Zawsze znajdował się w mojej top 5 filmów Marvela. To klasyczny trop „superbohater traci swoje moce”, ale nawet bez swojej technologii Tony wciąż ma genialny umysł. To właśnie sprawia, że jest to przekonujące.
— RachelKoz (@RachelKoz) 26 listopada 2023 r
To wspaniałe i zostało pochłonięte naprawdę absurdalnym stwierdzeniem: „nie szanowali mandaryna!” internetowa reakcja, w wyniku której wiele osób po raz pierwszy w życiu udawało, że są wielkimi fanami Mandaryna (scena ujawnienia Trevora jest cholernie zabawna!)
— Eric Goldman (@TheEricGoldman) 26 listopada 2023 r
Absolutnie uwielbiam ten film i jest to narracja oparta wyłącznie na postaciach, w sposób, w jaki MCU rzadko się zdarza (ale kiedy już tak się dzieje, wtedy działa dobrze)
Lubię powtarzać: „To nie jest film o Iron Manie. To film Tony’ego Starka.

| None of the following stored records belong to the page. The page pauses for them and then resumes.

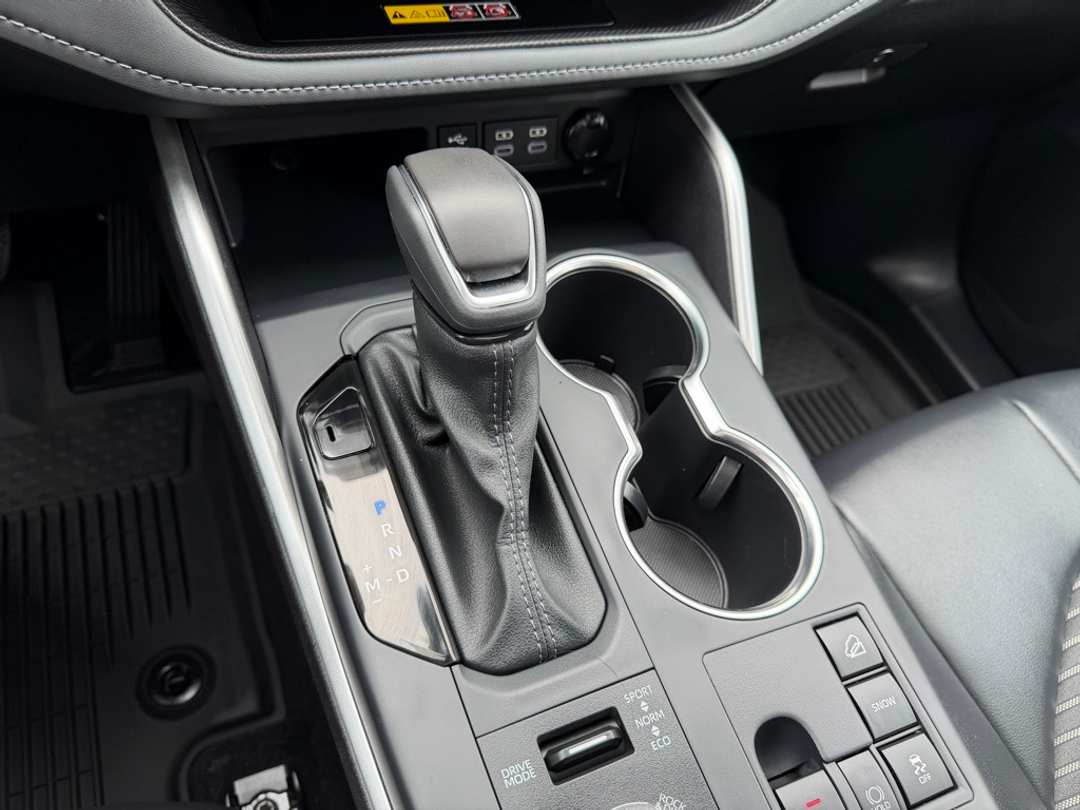 2025 Toyota Highlander XSE - Image 25
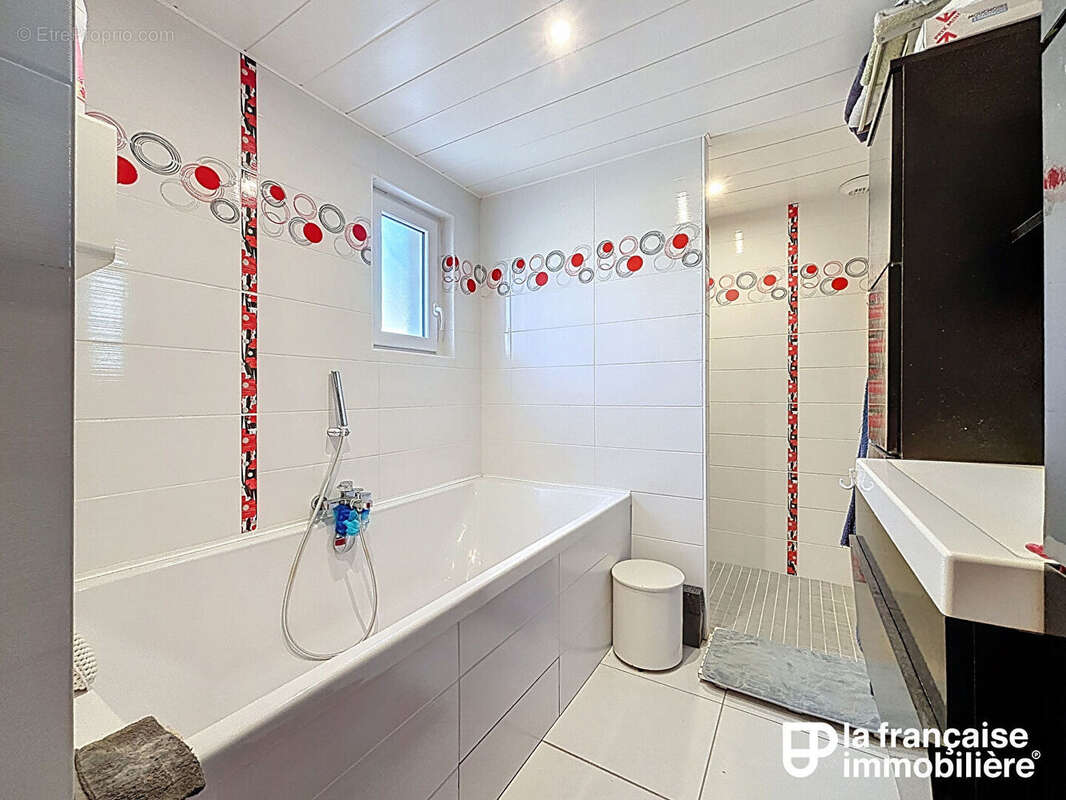 Maison à SAINT-MEEN-LE-GRAND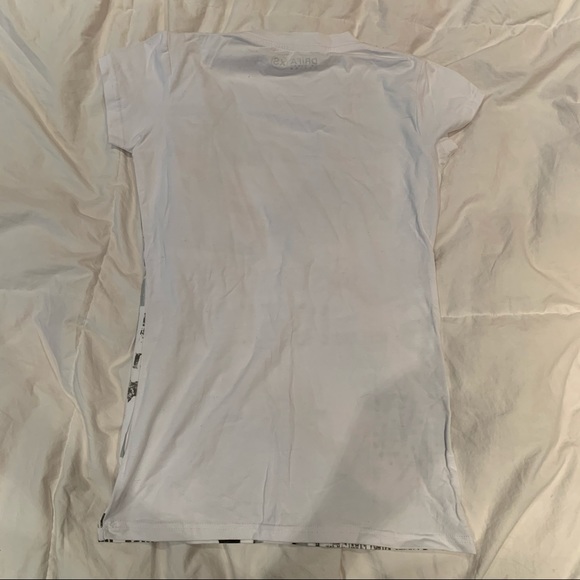 Iceland T-Shirt - Picture 2 of 5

— Char ✨ (@CharCubed) 26 listopada 2023 r
Jeden z fanów dodał nawet, że być może widzowie byli zbyt przejęci sposobem, w jaki Mandaryn został zaprezentowany w filmie. Biorąc pod uwagę, że w komiksach jest to bardzo duży czarny charakter, wielu było niezadowolonych, że w tym filmie zamieniono go w kpinę. Być może było tak, że wielu nie mogło po tym zapomnieć i całkowicie odrzuciło film i rzeczy, które faktycznie skończyły się dobrze.
Przeczytaj także: Niemożliwy sen Charliego Coxa o crossoverze wkurza fanów w związku z powrotem Roberta Downeya Jr. w Secret Wars
Czy ten artykuł był pomocny? Tak NIE Dziekuję za odpowiedź!